In the book, various perspectives are presented, which describe, analyze, and theorize critical mathematics and critical mathematics education. Many authors draw on their own empirical research studies, which inform their book chapter. Other chapters are theoretical in nature, often explaining the historical roots of different terms associated with critical mathematics: ethnomathematics (Francois, Chapter 10), democracy in mathematics (Corlu, Chapter 16) and real-life mathematics (Alro & Johnsen-Hoines, Chapter 12). Yasukawa, Skovsmose and Ravn present new theoretical frameworks to frame their research (Chapter 4); while others build on notable sociological researchers such as Bourdieu (Wedege, Chapter 7; Jorgensen (Zevenbergen), Chapter 6) and Foucault (Giongo & Knijnik, Chapter 9), incorporating those theoretical perspectives into critical mathematics education. This book provides both theoretical and practical chapters from a variety of authors showing the current scope of critical mathematics research.
In this review, I will outline a few examples where authors establish a need for critical mathematics. In Chapter 3, Paul Ernest takes a critical perspective on academia where mathematics research can be viewed as a knowledge economy, one that is exploitative through a brain drain on developing countries. Ole Skovsmose (Chapter 1) discusses mathematical modelling in the airline industry, where flights are overbooked based on a probability model that some passengers will miss a flight; these passengers are bumped from a flight when they arrive, even though they paid full fare. These two examples establish a need for a critical perspective in mathematics and how mathematics is used in society. In other words, mathematics can be viewed as a tool that can be used for the exploitation of knowledge (Ernest, Chapter 3) or to maximize profits at all costs (Skovsmose, Chapter 1); here we see the intersection of globalization, capitalism, and the use of mathematics that creates inequality.
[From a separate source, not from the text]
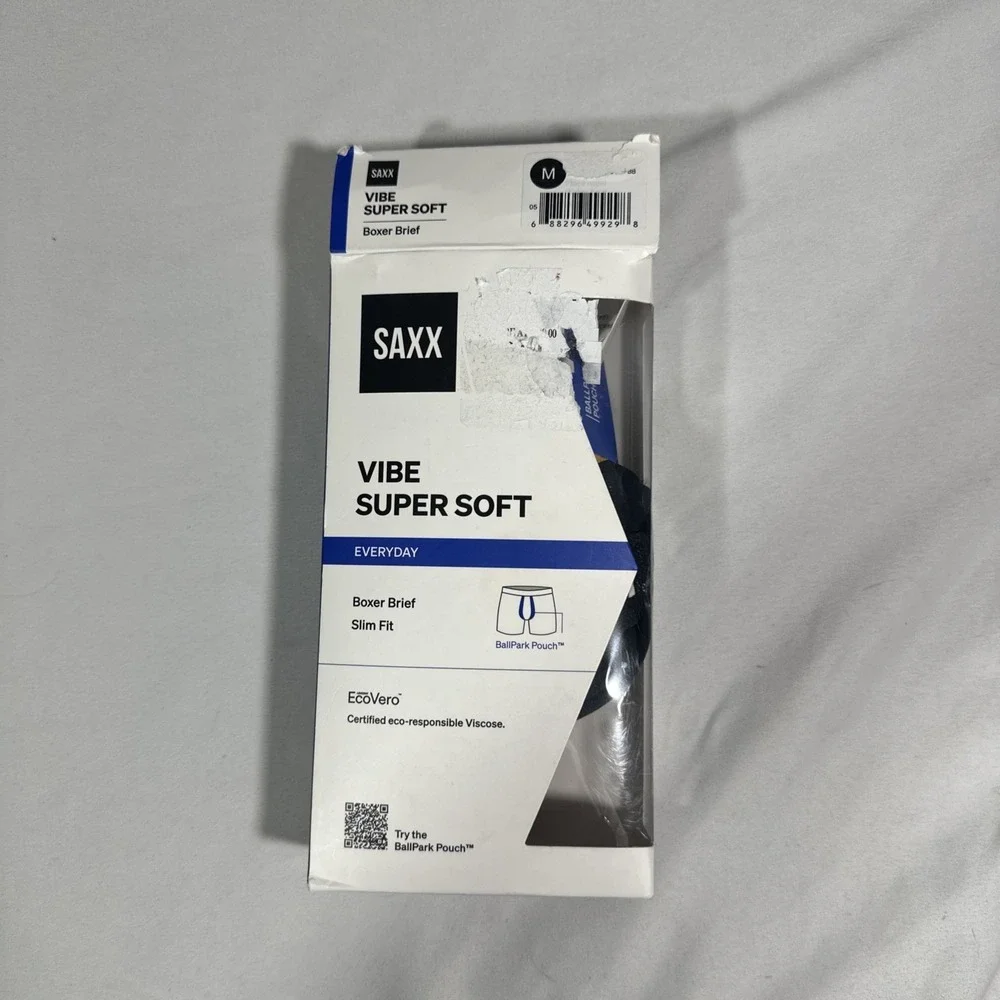 NIB $34 SAXX UNDERWEAR [ Medium ] Vibe Super Soft Boxer Brief Party Foul‎ U1609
A central theme in the book is that the discipline of mathematics is not value-free (Skovsmose, Chapter 1; D’Ambrosio, Chapter 2; Ernest, Chapter 3). Mathematics has multiple uses: as a language, a school subject, research area, engineering tool, game, and multiple other uses. Sometimes mathematics can be applied and other times it can claim to be pure (Yasukawa, Skovsmose & Ravn, Chapter 4). Mathematics is often understood using multiple perspectives and, according to Yasukawa, Skovsmose and Ravn, the lens chosen to view mathematics determines what is observed; therefore, there exists a need to analyze “mathematics in action” (Yasukawa, Skovsmose, & Ravn, p. 82). Their chapter presents their theoretical perspective where mathematics can be viewed as an action entering an ethical domain through “description, inscription, prescription and subscription” (p. 96). That is, viewing “mathematics in action” creates an ethical domain where the authors critique not just the philosophy of mathematics but also technology and social theorizing in general.
This book does a good job of interrogating the epistemological roots of mathematics, why and how mathematics has become a dominant knowledge system, and how mathematics is used to permeate capitalist global values to benefit those in places of authority (Nikolakaki, Chapter 14). After reading the book as a new researcher, I begin to see the global landscape in critical mathematics education and the importance of choosing wisely in terms of where my research is published, whose interests my publications serve, and how I must be reflexive in all aspects of my research.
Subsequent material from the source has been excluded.